Work instructions = Beneath this line are entries. Copy the range from the line with "COSMOS COLECCION VERONA 72CMS BEIGE 2143-31" to the line with "A Ascensão dos", ends included, exactly; leave pictures out.

Data extracts =

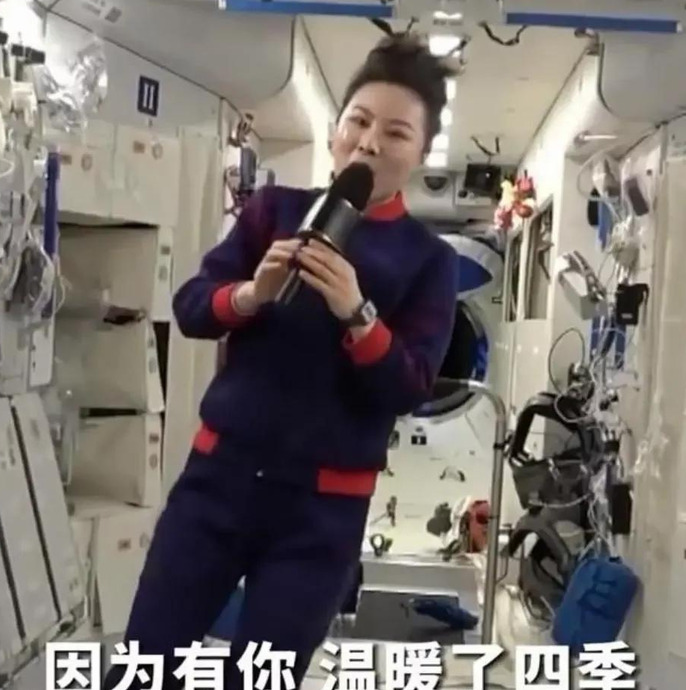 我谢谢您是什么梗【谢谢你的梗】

--

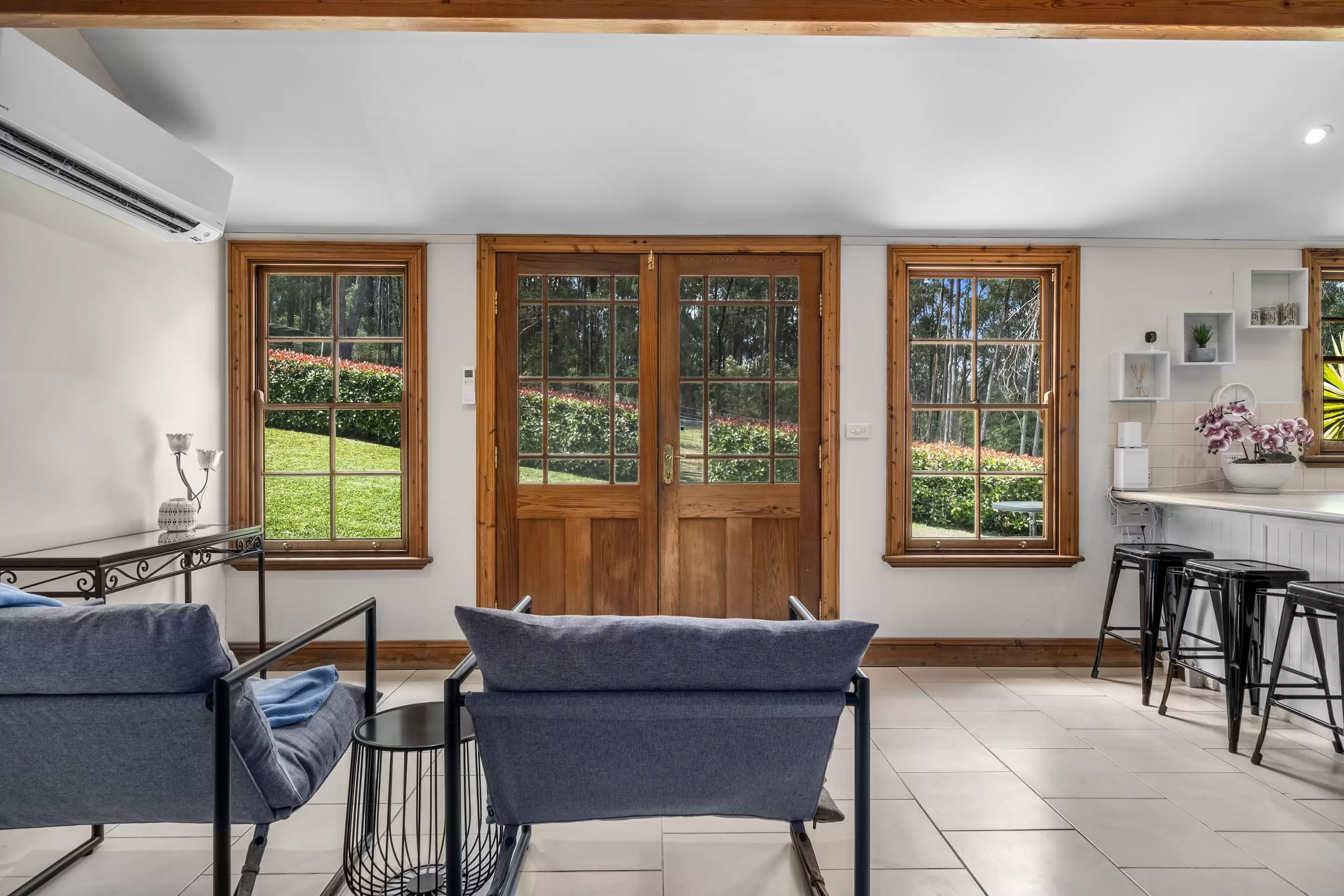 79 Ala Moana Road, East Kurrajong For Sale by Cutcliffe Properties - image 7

* * *

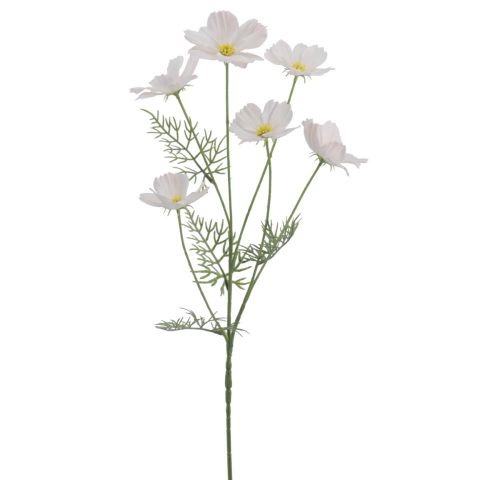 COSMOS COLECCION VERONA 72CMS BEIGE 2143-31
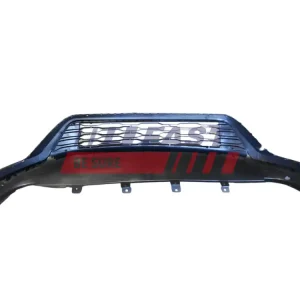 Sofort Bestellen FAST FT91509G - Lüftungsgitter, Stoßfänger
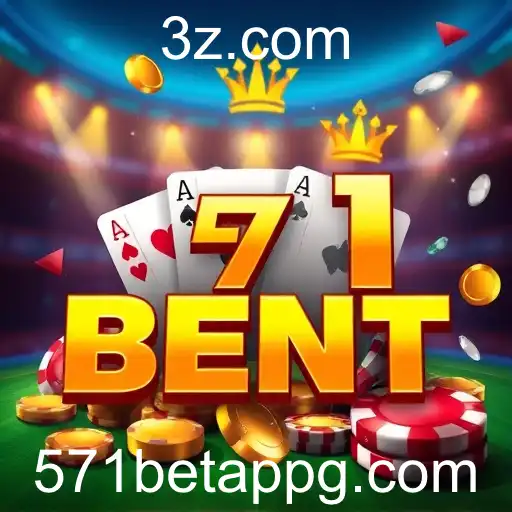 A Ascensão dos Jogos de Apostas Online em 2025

Finished exercise =
 COSMOS COLECCION VERONA 72CMS BEIGE 2143-31
 Sofort Bestellen FAST FT91509G - Lüftungsgitter, Stoßfänger
 A Ascensão dos Jogos de Apostas Online em 2025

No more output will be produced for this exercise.